Look through the entries below and copy exactly the part that begins with the line containing "Arriate De Acero" and ends with the line containing "J-Line - Buste Frida Kahlo Polyresine Groot". Do not copy the pictures.

RECORDS >>
* * * *

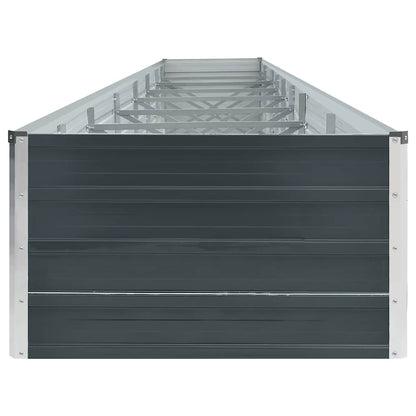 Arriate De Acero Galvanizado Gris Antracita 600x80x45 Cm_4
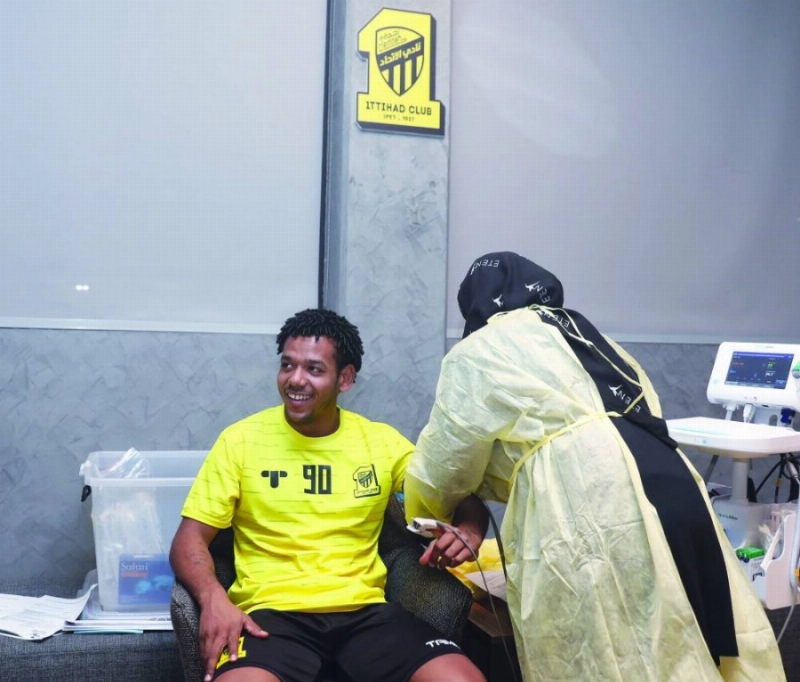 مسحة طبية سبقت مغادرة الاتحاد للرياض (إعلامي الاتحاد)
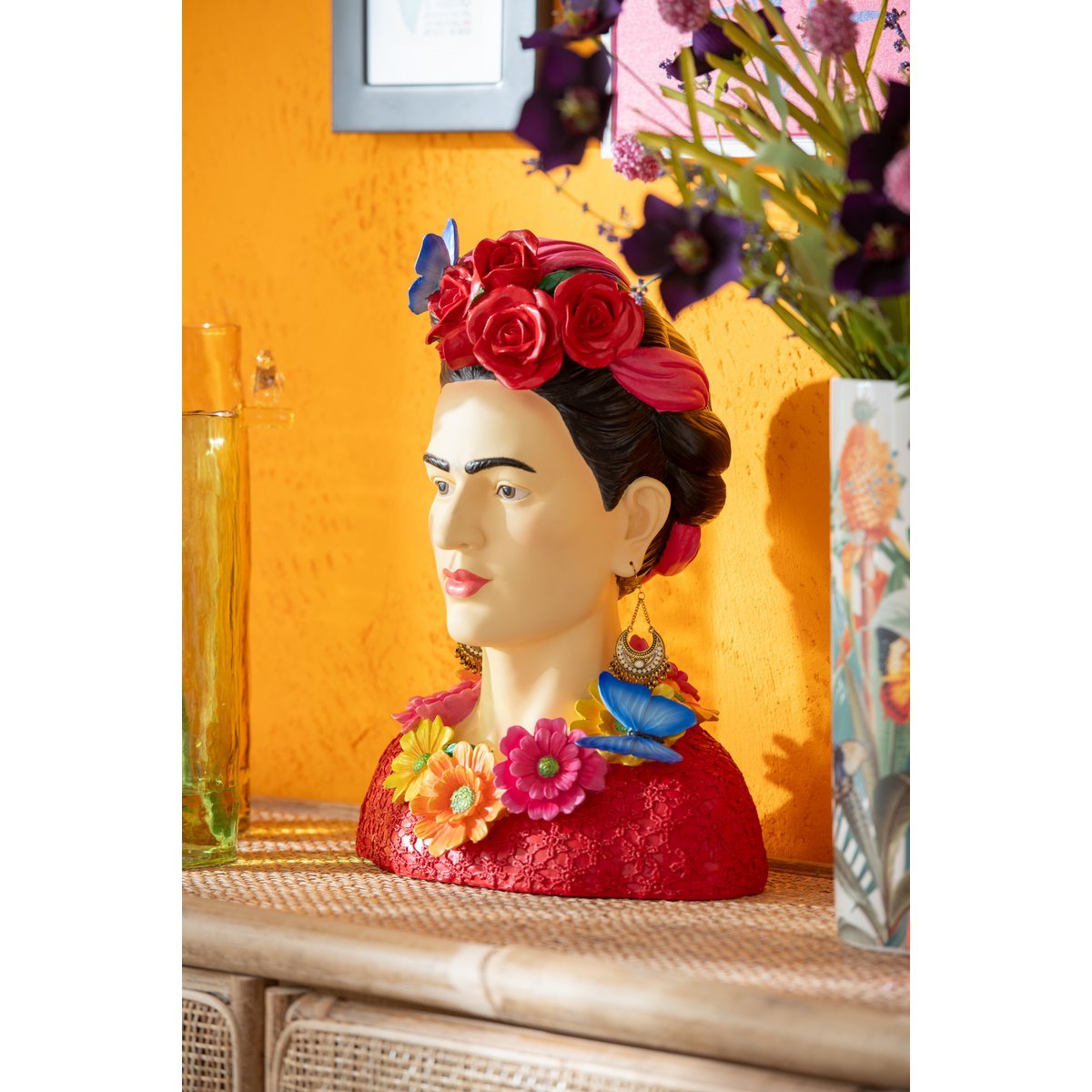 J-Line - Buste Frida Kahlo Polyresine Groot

* * * *

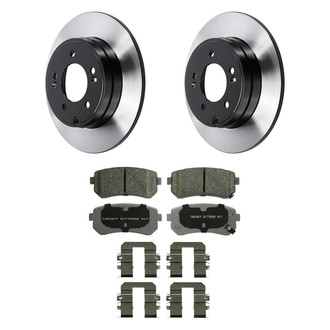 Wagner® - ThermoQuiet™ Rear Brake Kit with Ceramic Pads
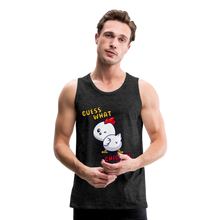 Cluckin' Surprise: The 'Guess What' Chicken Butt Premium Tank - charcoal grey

* * * *

PROBLEM SOLUTION >>
 Arriate De Acero Galvanizado Gris Antracita 600x80x45 Cm_4
 مسحة طبية سبقت مغادرة الاتحاد للرياض (إعلامي الاتحاد)
 J-Line - Buste Frida Kahlo Polyresine Groot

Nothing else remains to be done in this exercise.